The only weathering product I know of that is forgiving and mostly removable is Pan Pastel. I say "mostly" because White painted models will show a ghost of the color when removed. 
Pan Pastel is a high grade Artist product made of mostly pigment with a binder added, 96 colors plus a "Colorless Blender" that allows you to tone down the color to more of a tint. You need a good Flat finish on the model first and can apply with their SofftTools applicators, Micro-Brushes or artist oil brushes for tight spaces.
I have been doing RPM clinics on these for years and also have a Blog on their website for us modelers.
Modelingcolors.com
There are quite a few and at the bottom of the pages is a note to click on for more. Pan Pastel is also usable likw a water based product. You can apply to wood and use as a stain. It mixes well with watercolor pencils like the Derwent brand. 
Honestly, it's the only thing I use now. My airbrush is only for painting and flat finishing. You have the option of using a Flat to protect the Pan Pastels from heavy handling or not. I stopped using an overcoat and I am always taking y rolling stock in and out of my A-Line carrying trays. I haven't noticed any significant loss of color. 
When applying the color you should put some pressure on the applicator, that helps it bond to the surface.
Thank you for allowing me to share this.
Attached is a Rock Island B-unit that I matched to a fodo from
 Fallenflags.com
The CB&Q gondola is a mandatory freight car WIP content. This shows how to use Pan Pastel as a stain.

Sincerely,
Rob Manley
"Better modeling through personal embarrassment"
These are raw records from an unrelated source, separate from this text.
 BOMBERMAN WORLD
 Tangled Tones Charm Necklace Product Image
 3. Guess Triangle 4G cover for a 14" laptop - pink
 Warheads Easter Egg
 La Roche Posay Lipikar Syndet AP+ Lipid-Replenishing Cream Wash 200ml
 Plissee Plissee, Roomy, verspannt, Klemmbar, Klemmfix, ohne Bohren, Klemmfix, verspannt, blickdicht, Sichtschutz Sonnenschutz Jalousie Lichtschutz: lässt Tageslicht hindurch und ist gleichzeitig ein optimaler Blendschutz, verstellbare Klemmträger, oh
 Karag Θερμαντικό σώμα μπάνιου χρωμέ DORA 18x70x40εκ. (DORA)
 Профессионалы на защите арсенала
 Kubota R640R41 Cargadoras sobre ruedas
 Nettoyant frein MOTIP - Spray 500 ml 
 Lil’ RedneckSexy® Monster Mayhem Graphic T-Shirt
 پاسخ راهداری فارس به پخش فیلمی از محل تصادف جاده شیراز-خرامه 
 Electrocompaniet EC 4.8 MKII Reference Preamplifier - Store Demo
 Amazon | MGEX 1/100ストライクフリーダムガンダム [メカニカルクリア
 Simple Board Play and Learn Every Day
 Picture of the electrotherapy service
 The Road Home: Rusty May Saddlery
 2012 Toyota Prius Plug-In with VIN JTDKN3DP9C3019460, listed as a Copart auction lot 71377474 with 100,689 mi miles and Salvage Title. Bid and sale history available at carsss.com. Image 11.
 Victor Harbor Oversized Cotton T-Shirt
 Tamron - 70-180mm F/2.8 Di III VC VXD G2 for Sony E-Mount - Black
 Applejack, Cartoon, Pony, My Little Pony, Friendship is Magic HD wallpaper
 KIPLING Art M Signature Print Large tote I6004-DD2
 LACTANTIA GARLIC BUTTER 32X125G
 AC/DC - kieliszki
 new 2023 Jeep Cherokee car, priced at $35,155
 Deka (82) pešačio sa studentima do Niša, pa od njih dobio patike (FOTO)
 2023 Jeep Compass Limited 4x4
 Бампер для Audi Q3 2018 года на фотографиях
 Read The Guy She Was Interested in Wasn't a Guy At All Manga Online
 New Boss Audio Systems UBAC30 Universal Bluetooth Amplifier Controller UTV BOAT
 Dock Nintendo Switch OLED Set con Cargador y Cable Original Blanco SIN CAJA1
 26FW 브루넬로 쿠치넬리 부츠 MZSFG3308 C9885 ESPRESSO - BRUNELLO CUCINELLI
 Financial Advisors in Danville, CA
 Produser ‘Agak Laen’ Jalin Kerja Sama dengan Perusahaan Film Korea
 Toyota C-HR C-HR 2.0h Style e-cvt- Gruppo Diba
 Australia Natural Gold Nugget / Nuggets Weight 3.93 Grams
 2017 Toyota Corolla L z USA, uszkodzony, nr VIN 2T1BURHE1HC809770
On Wednesday, September 23, 2020, 12:12:41 PM CDT, Aley, Jeff A <jeff.a.aley@...> wrote:


Brianna, it seems, independently discovered one of the corollaries to Murphy’s Law: “There are two kinds of dirt – the dark kind, which is attracted to light objects, and the light kind, which is attracted to dark objects.”

 

Regards,

 

-Jeff

 

From: main@RealSTMFC.groups.io <main@RealSTMFC.groups.io> On Behalf Of Bruce Smith
Sent: Wednesday, September 23, 2020 7:43 AM
To: main@realstmfc.groups.io
Subject: Re: [RealSTMFC] Question about weathering

 

Ray, Jim,

 

Additional commentary interspersed ;)

 

On Sep 23, 2020, at 9:21 AM, Jim Betz <jimbetz@...> wrote:

 

  2) Darker colors on the roof and lighter colors on the bottom.

 

As a rule of thumb, everything goes towards a mid-tone. Brianna, my daughter, and I gave a clinic at an SER NMRA annual convention when she was the tender age of 5. She had many things to contribute, but perhaps the most seminal was “If it is light, make it darker, and if it is dark, make it lighter”.  BTW, the old theater adage “don’t work with children and animals” is entirely true. Brianna stole the show. 

 

And no pressure, but if a 5-year old can weather cars, so can you ;)



  3) Cars sit more than they move - a lot more.  So any "streaks"
       need to be vertical rather than horizontal.

 

Except passenger cars and head end cars, which may have a more all-over weathering pattern, with some horizontal aspects. Locomotives also have patterns that both relate to gravity and movement.



  5) A final light dusting with an air brush helps a lot - I call this the
      "blending coat" - I usually use a very thin "weathered black" color
      for this but have also used just dullcoat and other such.

 

Vary this color to vary your weathering. Alternative are Harbor Mist Grey, Railroad tie brown, 



  6) Weathered equipment is never "shiny".

 

In real life, some equipment can retain a shine, whilst being weathered. However, I have never found that gloss looks anything but “toy-like” on a model, even if the prototype was shiny.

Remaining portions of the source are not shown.